Construction File:

Trade Contractors in Post Bid Negotiations and Trade Agreements

Post Bid Negotiations and the Trade Contractor
The prospect of a major construction job generally initiates a cascade of invitations to bid from the owner, to general contractors, to subcontractors, to suppliers and other participants. The invitations generate a corresponding flow of bids upwards along the same food chain. Each compliant bid submitted along that food chain creates a bid contract between the party seeking bids and the bidder which, generates corresponding obligations as expressly and impliedly set out in the bid documents. Perhaps the most significant duty arising under bid contract is that a general contractor will, subject to the express terms of the bid contract, be obligated to enter into a construction contract with the subcontractors it carries in the bid it submits to the owner, if the owner accepts that bid.

Competition is meant to replace negotiation in the bid process. However, after the close of a bid call it is common for an owner to begin negotiations with the general contractor who submitted the lowest compliant bid in order to determine if cost savings can be obtained. If the owner attempts to enter into negotiations with the lowest bidding general contractor after the close of bids, there is an issue as to whether that general contractor remains bound to the owner on its bid, and whether the subcontractors carried by the general contractor in its bid to the owner are bound to the general contractor to enter into construction contracts.

The first place to look to consider the permissible scope of post-closing negotiations is in the bid documents constituting the bid contract between the owner and general contractor. If the bid documents do not permit post-closing negotiation, negotiations after the close of bids may result in the termination of the bid process, including the obligation on the general contractor to enter into construction contracts with the carried subcontractors. The bid documents may expressly provide for post-bid negotiations and / or modifications of the bid submitted. However, even if such negotiations are permissible, the courts will examine the substance of the negotiations in order to determine what has occurred, and whether it is permissible.

If, on the one hand, the negotiations are a request by the owner, and an agreement by the owner, to the modification of a general contractor’s bid within a clause in the bid documents which permits such a modification, the general contractor’s bid would continue in effect, as modified, and would not result in the release of the general contractor’s obligation to enter into construction contracts with the carried subcontractors. If, on the other hand, the negotiations are characterized as a rejection by the owner of the general contractor’s bid and the making by the owner of a counter-offer to the general contractor, the bid process is terminated, along with the general contractor’s obligation to enter into construction contracts with the carried subcontractors.
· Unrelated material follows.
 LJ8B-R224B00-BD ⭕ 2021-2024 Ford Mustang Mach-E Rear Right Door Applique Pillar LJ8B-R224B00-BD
As the bid contracts between the general contractor and the carried subcontractors remain valid until the general contractor’s bid is rejected or accepted by the owner, the termination of the bid process between the owner and general contractor also has the result of releasing the carried subcontractors from an obligation to enter into construction contracts with the general contractor. Accordingly, if the owner and general contractor want to maintain the carried subcontractors’ obligation to enter into construction contracts, they must be careful to ensure that their negotiations are permissible under the bid contract between owner and general contractor and do not amount to a rejection by the owner of the general contractor’s bid and thereby the termination of the bid process and the making
of a counter-offer by the owner.

Above Information provided by Jenkins Marzban Logan LLP, Suite 900, 808 Nelson Street, Vancouver, BC

Trade Agreements and Trade Contractors
The above noted process for post bid negotiations may have some implications as it relates to Trade Agreements such as AIT or TILMA. If a bid process is cancelled due to negotiations then this may mean it becomes a new procurement solicitation which requires an entire new public process. Where Construction Management is the method of procuring trade contractor pricing then each package of work, which meets the thresholds within a Trade Agreement, must be publicly bid. Hence, cancelling a bid to begin negotiations with a trade contractor may create a new procurement solicitation.